When Sir Evelyn de Rothschild was going over the plans for his new London house, a renovated 19th-century artist’s studio once owned by John Singer Sargent, he decided that there were a few modern conveniences he could live without. Air-conditioning, for one, seemed unnecessary, since the British had been doing fine without it for hundreds of years. And Sir Evelyn didn’t see the need for adjustable faucets in the bathrooms. He preferred old-style taps—separate ones for hot and cold water.

But his strong-willed American wife, the former Lynn Forester, who’s been known as Lady de Rothschild since the two were married seven years ago, had very different ideas. “Can you imagine building a new house with hot and cold taps?” she says. “So that your hands burn on one and freeze on the other?”

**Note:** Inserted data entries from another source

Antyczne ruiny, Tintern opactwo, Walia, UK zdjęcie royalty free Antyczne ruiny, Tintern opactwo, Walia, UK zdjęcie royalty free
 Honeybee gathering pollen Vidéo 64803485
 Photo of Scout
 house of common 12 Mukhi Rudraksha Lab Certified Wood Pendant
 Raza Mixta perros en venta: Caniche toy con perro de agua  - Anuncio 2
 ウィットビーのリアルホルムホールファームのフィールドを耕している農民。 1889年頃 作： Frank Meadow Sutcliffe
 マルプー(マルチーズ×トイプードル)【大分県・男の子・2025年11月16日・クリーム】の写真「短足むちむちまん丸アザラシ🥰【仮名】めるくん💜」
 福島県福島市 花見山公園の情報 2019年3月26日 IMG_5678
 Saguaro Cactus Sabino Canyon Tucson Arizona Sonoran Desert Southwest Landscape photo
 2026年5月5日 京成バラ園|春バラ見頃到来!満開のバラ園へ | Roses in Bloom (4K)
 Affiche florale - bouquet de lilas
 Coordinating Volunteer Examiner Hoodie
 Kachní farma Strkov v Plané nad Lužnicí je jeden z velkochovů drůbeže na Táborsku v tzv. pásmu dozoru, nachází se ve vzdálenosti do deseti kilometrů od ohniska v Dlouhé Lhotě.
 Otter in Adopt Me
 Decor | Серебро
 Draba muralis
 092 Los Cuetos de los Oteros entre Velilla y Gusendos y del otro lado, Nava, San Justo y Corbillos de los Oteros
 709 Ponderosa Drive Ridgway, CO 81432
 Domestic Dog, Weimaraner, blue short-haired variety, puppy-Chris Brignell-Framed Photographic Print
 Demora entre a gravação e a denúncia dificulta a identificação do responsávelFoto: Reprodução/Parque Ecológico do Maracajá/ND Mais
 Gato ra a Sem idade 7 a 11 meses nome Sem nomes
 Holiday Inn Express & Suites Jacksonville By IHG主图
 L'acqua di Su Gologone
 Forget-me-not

The living room, which was once John Singer Sargent’s studio space, with Luc Tuymans’s Shirt (1999) above the fireplace.

A recent tour of the house, now completed, revealed a climate-control system in good working order and faucets that magically dispense water of variable temperature. Among the other apparent signs of Lynn’s modernizing influence: a Bill Viola video piece commissioned for the living room (it hangs directly above a Louis XVI commode); a Donald Judd on the dining room wall; a state-of-the-art screening room; and a gym, with a mirrored ceiling for Lynn’s stretching sessions.

But then there’s the Renoir sculpture in the breakfast room, and Sir Evelyn’s collection of Bugatti elephants in the traditional book-lined study. In fact, the home is a fusion of the 19th and 21st centuries (a brand-new structure now adjoins Sargent’s original one) and a fitting emblem of the Rothschilds’ merger, itself an unpredictable mélange of the New and Old Worlds. “The ultimate love nest” is how the vivacious Lynn, 53, describes the house. With her and Sir Evelyn’s children from previous marriages fully grown, she says, “We could really build this house for us.”

“I think it’s come out pretty well,” adds Sir Evelyn, tall and dapper in a dark bespoke suit. “But I don’t want to boast.”

Lynn, who still sounds like a schoolgirl with a crush when discussing her 76-year-old husband—“Isn’t he gorgeous?” she asks at one point—emphasizes that Sir Evelyn’s tastes are not as traditional as people often assume. “He’s a very forward thinker,” she says. “It’s the only reason he could have been attracted to me. I’m not exactly old-school.”

It was Sir Evelyn who first noticed the Chelsea studio when a friend of his lived in it years ago; Lynn recalls him telling her in the late Nineties, shortly after they’d met (through their mutual friend Henry Kissinger), that it was “the only house he cared about in London.” When it came up for sale shortly afterward, they saw that many of its original features—carved classical pilasters, a balcony on the main window—had been altered, hidden or removed entirely.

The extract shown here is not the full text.